The well frog lives its life at the bottom of its disciplinary well.
It believes the sky is limited to what it can see from the bottom
of its well. We must break out of our disciplinary wells and discover
the connection of our work to the creation of a society that is
healthier physically, economically, and socially. We need to encourage
an outward vision, seeing our work as a means to an end: a healthier
society and better lives for the people that live within it.
All of this sounds very grand, but how does it translate into
action? One good translation is the work that PFF programs are doing.
This work addresses what Chris Golde and Timothy Dore (2001), in
their survey of doctoral students, called a three-way mismatch between
the traditional purposes of doctoral education, doctoral student
aspirations, and reality. As faculty, we know this mismatch and
are working to correct it.

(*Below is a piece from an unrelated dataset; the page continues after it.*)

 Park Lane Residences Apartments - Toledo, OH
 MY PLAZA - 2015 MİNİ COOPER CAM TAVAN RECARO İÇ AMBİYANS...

We know we continue to prepare students
for employment in research universities when, in fact, most of the
jobs are elsewhere in academia and in the private and public sectors
outside of academia. Students often come to us because they want
to teach, but we do very little to help them become scholars of
teaching and learning. Students do not fully understand the demands
that will be made upon them to earn the Ph.D. Looking at us as models,
they hold very traditional aspirations for becoming faculty, showing
little awareness of external opportunities for careers and the opportunity,
even as academics, to connect their expertise to the needs of society.
Among other negative effects, this mismatch contributes to our
inability to attract underrepresented student groups into doctoral
education. The kinds of activities that attract students of color
and other underrepresented groups to doctoral education include
the opportunity to be scholars of teaching, to increase learning
and access to higher education, find non-academic careers, and to
link their work as public intellectuals to service to the common
good.
Faculty members are addressing this mismatch in a variety of ways.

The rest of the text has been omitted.